No caso do barulho – das festas, das baladas, das mesas de bar –, o consumo destas formas de preenchimento não faz senão percebermos que o “momento festivo” é passageiro e, portanto, superficial. Se não trouxermos de volta a nossa autonomia, estamos fadados a ocupar nosso tempo inteiro com situações deste tipo – tornando-o uma dependência.
Nossa paz ou nossa felicidade, medidas por meio de consumos tais, não passam de uma miragem, que tentamos encontrá-la sempre ao fim destas experiências. Com isso, precisamos criar situações diárias para que possamos sentir algum prazer. Assim, vamos caminhando de experiência em experiência, dependendo sempre delas mesmas para que sintamos alguma alegria. Mas nem sempre é o caso. Mesmo quando o é, a alegria é apenas momentânea.
Com estas maneiras de buscar a felicidade, a virtude – que são, grosso modo, os meios de buscar a felicidade ou a paz – torna-se vício: praticamos os meio errados para a paz, tornando esta impossível de ser alcançada.
Estes exemplos de heteronomia serviram para falarmos do que nos é necessário, em primeiro lugar.
Talvez o mais eficaz antídoto à busca da felicidade por meios que nos escapam, como os elencados acima, seja a felicidade que encontramos na companhia inseparável e inalienável de nós conosco mesmos.
Quando passamos a olhar com maior rigor para dentro de nós aprendemos que o que realmente importa nos acompanha sempre: nossa alma. Saber compreender que é em si próprio que reside a felicidade é um ato libertador. Só assim, aos nossos olhos, os vícios se tornam o que são: supérfluos e absolutamente dispensáveis.
Em uma epístola a Lucílio, intitulada Da solidão dos filósofos, o filósofo Sêneca afirma: “pensa que nada é extraordinário a não ser a alma e que, para uma alma grande, nada é grande”. Isso significa que a grandeza da alma consiste em ela ser suficiente por si mesma. É nela que encontramos, em Sêneca, a medida da nossa felicidade e da nossa paz.

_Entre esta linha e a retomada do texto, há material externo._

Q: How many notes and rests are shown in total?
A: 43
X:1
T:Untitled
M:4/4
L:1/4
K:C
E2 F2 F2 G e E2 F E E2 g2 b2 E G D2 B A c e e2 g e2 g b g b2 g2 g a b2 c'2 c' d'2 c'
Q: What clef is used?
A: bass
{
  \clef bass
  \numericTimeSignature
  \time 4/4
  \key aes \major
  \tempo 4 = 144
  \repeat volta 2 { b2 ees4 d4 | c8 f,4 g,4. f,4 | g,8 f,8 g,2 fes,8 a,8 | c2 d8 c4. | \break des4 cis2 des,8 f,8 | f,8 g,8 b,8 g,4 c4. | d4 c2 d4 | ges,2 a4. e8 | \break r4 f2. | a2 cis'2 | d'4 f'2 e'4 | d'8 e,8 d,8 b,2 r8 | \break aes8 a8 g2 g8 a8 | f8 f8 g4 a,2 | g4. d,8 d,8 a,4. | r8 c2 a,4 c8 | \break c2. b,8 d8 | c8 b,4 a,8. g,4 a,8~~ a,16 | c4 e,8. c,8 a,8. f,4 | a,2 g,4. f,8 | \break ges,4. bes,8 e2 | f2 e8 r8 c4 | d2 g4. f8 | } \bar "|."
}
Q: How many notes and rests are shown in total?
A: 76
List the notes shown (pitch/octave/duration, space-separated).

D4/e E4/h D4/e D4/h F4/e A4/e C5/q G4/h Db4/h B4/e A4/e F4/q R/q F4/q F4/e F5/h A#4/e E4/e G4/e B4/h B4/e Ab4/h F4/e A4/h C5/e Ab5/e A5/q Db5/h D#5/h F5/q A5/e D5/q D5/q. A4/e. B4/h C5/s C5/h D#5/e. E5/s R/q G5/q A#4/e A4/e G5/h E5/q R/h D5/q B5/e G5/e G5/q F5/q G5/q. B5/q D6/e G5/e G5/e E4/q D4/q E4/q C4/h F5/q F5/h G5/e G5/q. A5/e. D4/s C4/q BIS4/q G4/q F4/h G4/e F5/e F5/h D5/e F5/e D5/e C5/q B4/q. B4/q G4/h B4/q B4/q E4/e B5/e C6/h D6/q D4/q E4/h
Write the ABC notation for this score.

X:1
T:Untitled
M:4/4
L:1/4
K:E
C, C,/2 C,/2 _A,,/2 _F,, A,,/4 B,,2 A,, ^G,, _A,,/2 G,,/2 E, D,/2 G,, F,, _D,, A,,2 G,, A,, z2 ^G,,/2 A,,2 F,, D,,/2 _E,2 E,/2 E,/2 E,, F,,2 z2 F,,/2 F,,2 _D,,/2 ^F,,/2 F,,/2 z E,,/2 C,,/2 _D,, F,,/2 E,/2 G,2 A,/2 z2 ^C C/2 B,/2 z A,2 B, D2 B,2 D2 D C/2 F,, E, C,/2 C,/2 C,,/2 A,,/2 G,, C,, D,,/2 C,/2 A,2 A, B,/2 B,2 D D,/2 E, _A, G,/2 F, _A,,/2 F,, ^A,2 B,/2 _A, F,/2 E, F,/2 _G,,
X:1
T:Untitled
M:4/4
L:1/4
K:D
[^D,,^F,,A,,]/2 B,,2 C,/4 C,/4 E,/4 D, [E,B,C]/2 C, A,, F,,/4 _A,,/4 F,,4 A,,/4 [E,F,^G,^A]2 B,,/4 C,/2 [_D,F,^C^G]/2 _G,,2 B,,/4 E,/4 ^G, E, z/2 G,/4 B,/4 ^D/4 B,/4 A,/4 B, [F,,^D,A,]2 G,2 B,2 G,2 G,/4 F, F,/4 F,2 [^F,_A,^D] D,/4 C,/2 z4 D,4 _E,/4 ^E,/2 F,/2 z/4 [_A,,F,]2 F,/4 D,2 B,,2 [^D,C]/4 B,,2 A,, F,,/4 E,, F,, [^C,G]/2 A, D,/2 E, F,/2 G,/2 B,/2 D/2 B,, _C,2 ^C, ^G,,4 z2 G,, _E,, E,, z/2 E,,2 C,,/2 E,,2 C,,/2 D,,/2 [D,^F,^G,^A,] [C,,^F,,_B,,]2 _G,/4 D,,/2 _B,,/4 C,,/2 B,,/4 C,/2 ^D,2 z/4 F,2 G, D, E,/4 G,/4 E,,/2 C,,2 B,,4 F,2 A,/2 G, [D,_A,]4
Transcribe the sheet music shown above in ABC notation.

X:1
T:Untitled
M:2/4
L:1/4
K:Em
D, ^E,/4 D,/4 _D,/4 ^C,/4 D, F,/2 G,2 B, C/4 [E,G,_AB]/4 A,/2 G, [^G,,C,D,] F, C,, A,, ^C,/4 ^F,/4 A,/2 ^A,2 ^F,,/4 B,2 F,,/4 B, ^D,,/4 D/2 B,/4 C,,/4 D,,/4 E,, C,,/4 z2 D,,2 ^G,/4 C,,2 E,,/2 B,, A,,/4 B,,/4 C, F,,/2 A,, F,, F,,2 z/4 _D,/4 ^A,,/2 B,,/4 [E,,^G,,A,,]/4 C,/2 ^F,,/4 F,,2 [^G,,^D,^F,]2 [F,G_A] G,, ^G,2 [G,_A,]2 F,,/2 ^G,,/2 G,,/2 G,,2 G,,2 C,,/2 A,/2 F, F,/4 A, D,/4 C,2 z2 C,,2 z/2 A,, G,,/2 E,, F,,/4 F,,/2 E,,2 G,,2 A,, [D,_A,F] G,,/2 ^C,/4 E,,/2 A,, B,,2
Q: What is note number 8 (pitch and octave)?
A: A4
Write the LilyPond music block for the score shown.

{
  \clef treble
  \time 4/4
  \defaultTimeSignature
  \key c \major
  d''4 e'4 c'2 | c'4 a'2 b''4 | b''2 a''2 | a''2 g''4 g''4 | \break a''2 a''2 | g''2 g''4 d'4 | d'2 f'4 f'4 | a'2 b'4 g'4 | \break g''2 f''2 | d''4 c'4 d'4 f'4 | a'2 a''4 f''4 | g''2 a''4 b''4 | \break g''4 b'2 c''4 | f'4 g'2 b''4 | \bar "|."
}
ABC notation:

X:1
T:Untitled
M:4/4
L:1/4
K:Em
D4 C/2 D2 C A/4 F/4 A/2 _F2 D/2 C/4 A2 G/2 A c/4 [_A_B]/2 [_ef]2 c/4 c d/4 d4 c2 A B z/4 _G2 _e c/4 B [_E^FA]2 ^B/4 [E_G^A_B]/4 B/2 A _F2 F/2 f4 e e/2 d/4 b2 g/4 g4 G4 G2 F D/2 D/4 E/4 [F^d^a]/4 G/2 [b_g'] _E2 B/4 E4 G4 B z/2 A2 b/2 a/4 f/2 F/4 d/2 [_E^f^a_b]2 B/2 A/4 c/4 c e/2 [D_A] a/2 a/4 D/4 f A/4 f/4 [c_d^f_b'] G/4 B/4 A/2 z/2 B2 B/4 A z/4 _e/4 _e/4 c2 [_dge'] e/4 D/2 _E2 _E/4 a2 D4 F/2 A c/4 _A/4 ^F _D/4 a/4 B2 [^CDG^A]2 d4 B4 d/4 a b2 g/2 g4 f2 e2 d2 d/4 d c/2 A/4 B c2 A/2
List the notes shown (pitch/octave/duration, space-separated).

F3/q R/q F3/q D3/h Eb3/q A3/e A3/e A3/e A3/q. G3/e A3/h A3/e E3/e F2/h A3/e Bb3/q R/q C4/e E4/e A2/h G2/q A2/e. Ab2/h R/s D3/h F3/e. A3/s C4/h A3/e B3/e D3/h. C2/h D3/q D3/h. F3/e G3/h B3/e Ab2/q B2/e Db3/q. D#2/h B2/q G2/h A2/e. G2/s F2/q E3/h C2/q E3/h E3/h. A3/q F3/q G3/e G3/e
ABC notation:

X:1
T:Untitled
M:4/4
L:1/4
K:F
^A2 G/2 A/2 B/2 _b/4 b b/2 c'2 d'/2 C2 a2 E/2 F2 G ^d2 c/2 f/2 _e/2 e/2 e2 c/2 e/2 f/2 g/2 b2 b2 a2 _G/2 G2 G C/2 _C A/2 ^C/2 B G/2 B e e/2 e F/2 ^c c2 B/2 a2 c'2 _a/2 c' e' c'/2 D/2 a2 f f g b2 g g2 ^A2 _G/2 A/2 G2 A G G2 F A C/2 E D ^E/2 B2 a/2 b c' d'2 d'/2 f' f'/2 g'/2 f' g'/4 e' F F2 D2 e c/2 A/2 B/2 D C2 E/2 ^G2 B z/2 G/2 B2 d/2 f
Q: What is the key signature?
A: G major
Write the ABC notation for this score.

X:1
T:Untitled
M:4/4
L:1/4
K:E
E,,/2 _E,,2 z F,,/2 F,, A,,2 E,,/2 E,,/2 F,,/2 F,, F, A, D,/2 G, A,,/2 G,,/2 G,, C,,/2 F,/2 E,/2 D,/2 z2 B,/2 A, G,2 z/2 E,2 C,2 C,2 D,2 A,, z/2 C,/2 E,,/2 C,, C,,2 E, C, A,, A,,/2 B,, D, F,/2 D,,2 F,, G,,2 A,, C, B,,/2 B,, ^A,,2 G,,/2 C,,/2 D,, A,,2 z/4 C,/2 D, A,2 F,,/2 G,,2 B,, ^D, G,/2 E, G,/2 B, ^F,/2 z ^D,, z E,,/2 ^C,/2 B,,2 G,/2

Também em outro filósofo latino, da nossa antiguidade, podemos encontrar semelhante defesa: “tem em si mesmo tudo de quanto necessita para ser feliz, eliminando do número dos bens tudo quanto está fora do seu poder” (Cícero, A virtude e a felicidade).
Devemos nos ater àquilo que está em nosso íntimo, sempre nos acompanhando: a presença intransferível de nossa alma. É com ela que sentimos o que nos faz felizes e o que nos aflige.
O que não é nosso, aquilo que nos escapa, não tem o poder de nos assaltar espiritualmente sem que permitamos.
O que seria do filósofo medieval Boécio, condenado à morte e submetido a torturas diárias (suplícios), se não encontrasse em si mesmo o conforto necessário para continuar lúcido?
Quando não nos damos conta que é em nós mesmos que encontramos a completude, a buscamos naquilo que jamais a encontraremos: nas posses, nas festas, nos bares e nos outros enquanto “produtos”. Tudo isso pode trazer alegrias momentâneas, mas a paz e a felicidade são maiores que meros momentos.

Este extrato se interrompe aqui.